‘The Wisconsin boys’
Officials who studied here now shape Peru’s laws and government
They are some of Peru’s most important government and legal officials. And they call themselves the Wisconsin Boys.
Thirty years ago, this group of now-influential Peruvians – as young law professors – traveled from Lima to the UW–Madison Law School to study and reflect on how to reform the teaching of law in their country.
Today, the program is credited with the transformation of the Peruvian legal education system, and the men who participated in it are known throughout Peru for their UW–Madison connection. “The remarkable thing is this relationship, this warmth, which has lasted for 30 years,” says Zigurds Zile, a UW–Madison emeritus law professor who directed the Peruvian legal education program. “We’re talking about 10 or so people who have not been in touch with Madison for much of this time, but they still feel a very, very tight bond. And now it is their students who are the Wisconsin boys and girls – they are the ones who have been trained to be different and who are now taking their places in important posts in Peru.”
Each summer and fall from 1968 to 1972, three junior law professors from Pontificia Universidad Catolica Del Peru would journey to Madison to study under Zile. The program was initiated by Jorge Avendano, who at the time was the new 31-year-old dean of Catolica’s law school. The Ford Foundation funded the program as part of a movement in the 1960s by the U.S. government and foundations to advance the development of law and legal institutions in Latin America.
For seven months, the Peruvian law professors explored issues in legal education under the tutelage of Zile, himself an immigrant to the United States from Latvia.
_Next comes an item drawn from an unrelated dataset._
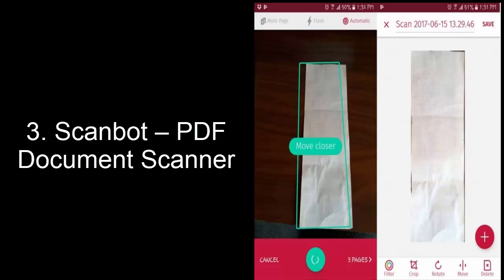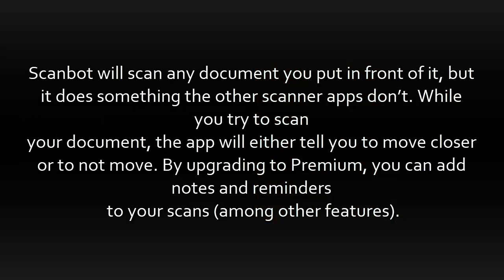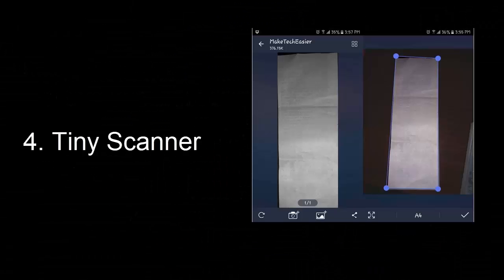3. ScanBit, PDF Document Scanner. ScanBit will scan any document you put in front of it, but it does something the other scanner apps don't. While you try to scan your document, the app will either tell you to move closer or to not move. By upgrading to Premium, you can add notes and reminders to your scans, among other features.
The professors spent 10 weeks in a summer colloquium called “Rethinking Legal Education” and then prepared teaching materials for their courses over the fall semester. Senior law professors from Catolica traveled to Madison in the summers for a week of discussion with their junior colleagues and Zile.
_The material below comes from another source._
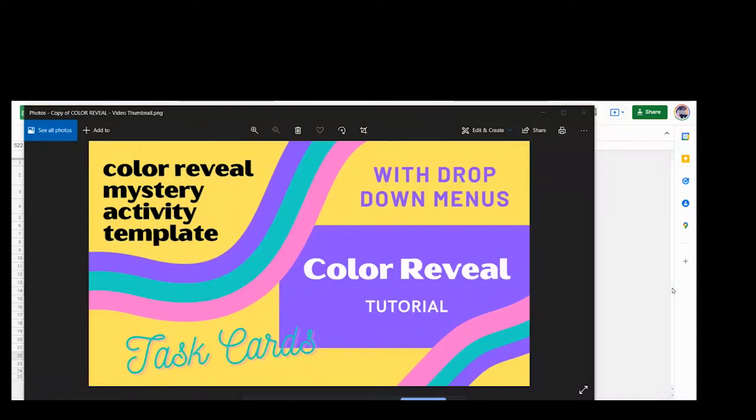I'm Pixel Art Mysteries and Education and I have a short tutorial for you today on how to add task cards to a color reveal using drop-down menus.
Zile’s approach went against the grain of traditional Latin American education, which is steeped in lecture-based teaching. At the UW–Madison Law School, the Catolica professors studied a teaching style that emphasized extensive student involvement, with readings, assigned problems that involved legal research and classroom discussion.
Wisconsin’s progressive tradition was what attracted the Peruvian law professors, according to Lorenzo Zolezzi, who studied here in 1968. “Wisconsin had in 1968 something that none of the other schools had: a team of professors who represented the ‘Law in Action’ movement, [which demonstrated] that it was necessary to question everything, necessary also to question the role of the law and lawyers in society,” Zolezzi says.
Since their time in Madison, these law professors have identified themselves as the Wisconsin Boys. And they now occupy some of Peru’s most powerful positions in government and law. Zolezzi is dean of Catolica’s law school. Avendano, the former law school dean, is the minority leader in the Peruvian Congress. Eduardo Ferrero recently was the minister of foreign affairs. Jorge Santistevan is the country’s ombudsman and investigates citizen complaints against the government. Others are leading legal experts and former politicians. Two of the Wisconsin Boys have died, and one no longer lives in Peru. Among the senior faculty who visited Wisconsin during the summers was Roberto McLean, who later became a Peruvian ambassador to the United States.
Catolica paid for Zile and Law School Dean Kenneth Davis to travel to Lima in June to celebrate the 30th anniversary of the cooperative legal education program. “I was quite impressed with how the participants continue to cherish their experience in Madison, even though 30 years have passed,” Davis says. “The exchange program changed not only legal education in Peru, but also led to a change in the substantive law. In fact, entire areas of current Peruvian law can be traced to the work of the participants in trying to develop new law school courses and curricula right here at the UW Law School Library.”
The anniversary of the program, and Zile and Davis’ visit to Peru, were chronicled in Lima’s leading daily newspaper and a national newsmagazine. An editorial in the newspaper El Comercio, headlined “The 30 Years of the ‘Wisconsin Boys'” gave credit for a student protest that week concerning corruption in some Peruvian magistrates to the legacy of the Wisconsin program. Because students were taught that law can be an instrument of social change, the editorial says, they took action. “The spirit of the Wisconsin reform, 30 years later, has returned,” it says. “The young law students have gone out to protest in defense of their teachers.”